REQUIRED WORK →
Print the whole listing exactly as it appears, but skip the pictures.

DATA BELOW →
....
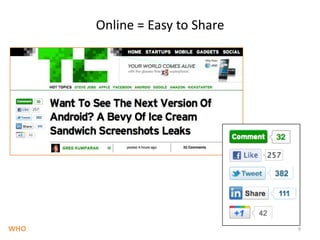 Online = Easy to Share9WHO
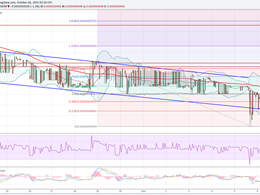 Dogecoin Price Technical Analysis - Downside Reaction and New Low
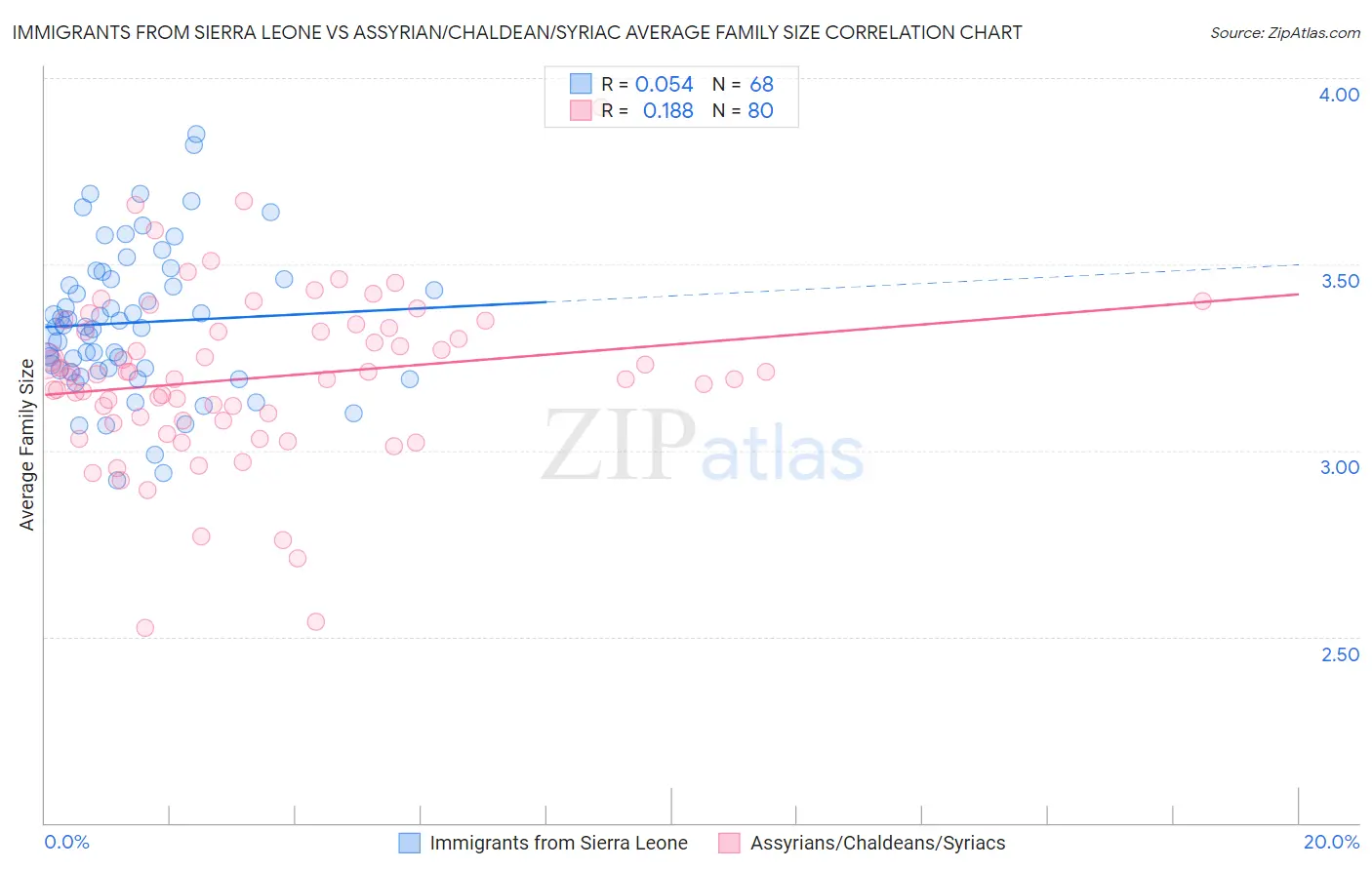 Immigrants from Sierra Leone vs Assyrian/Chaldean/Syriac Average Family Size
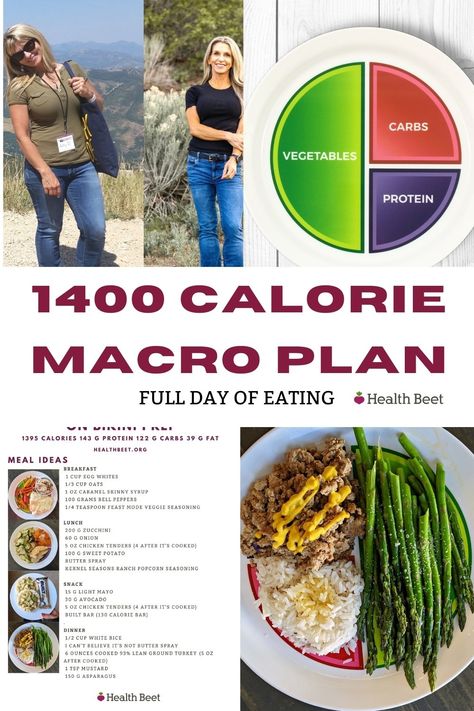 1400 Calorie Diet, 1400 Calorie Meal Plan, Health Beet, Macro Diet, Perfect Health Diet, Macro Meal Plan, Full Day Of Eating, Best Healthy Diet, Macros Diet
....
COMPLETED EXERCISE →
 Online = Easy to Share9WHO
 Dogecoin Price Technical Analysis - Downside Reaction and New Low
 Immigrants from Sierra Leone vs Assyrian/Chaldean/Syriac Average Family Size
 1400 Calorie Diet, 1400 Calorie Meal Plan, Health Beet, Macro Diet, Perfect Health Diet, Macro Meal Plan, Full Day Of Eating, Best Healthy Diet, Macros Diet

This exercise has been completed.